▸ **Raw data**:

----------------

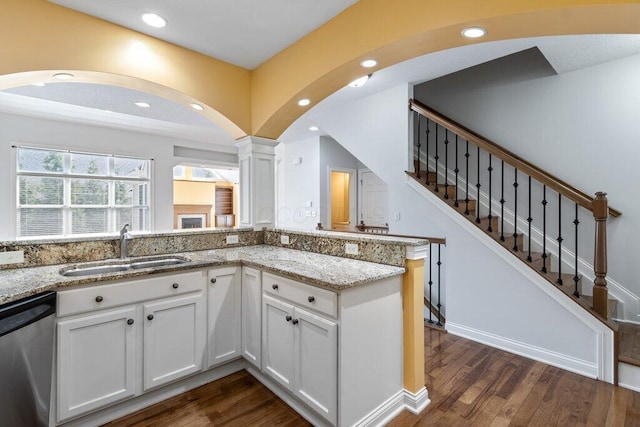 6575 Wensley Ct, Westerville, OH 43082 - kitchen with a sink, stainless steel dishwasher, dark wood-style floors, light stone counters, and white cabinets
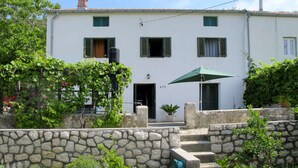 A two-story building with a stone wall in front, a green umbrella, and a potted plant. - Vacation House Viskic (Rab)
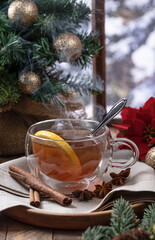 Steaming hot tea with lemmon slice with holiday decorations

----------------

Return the data exactly as it stands, minus the pictures.

▸ **Exercise answer**:
 6575 Wensley Ct, Westerville, OH 43082 - kitchen with a sink, stainless steel dishwasher, dark wood-style floors, light stone counters, and white cabinets
 A two-story building with a stone wall in front, a green umbrella, and a potted plant. - Vacation House Viskic (Rab)
 Steaming hot tea with lemmon slice with holiday decorations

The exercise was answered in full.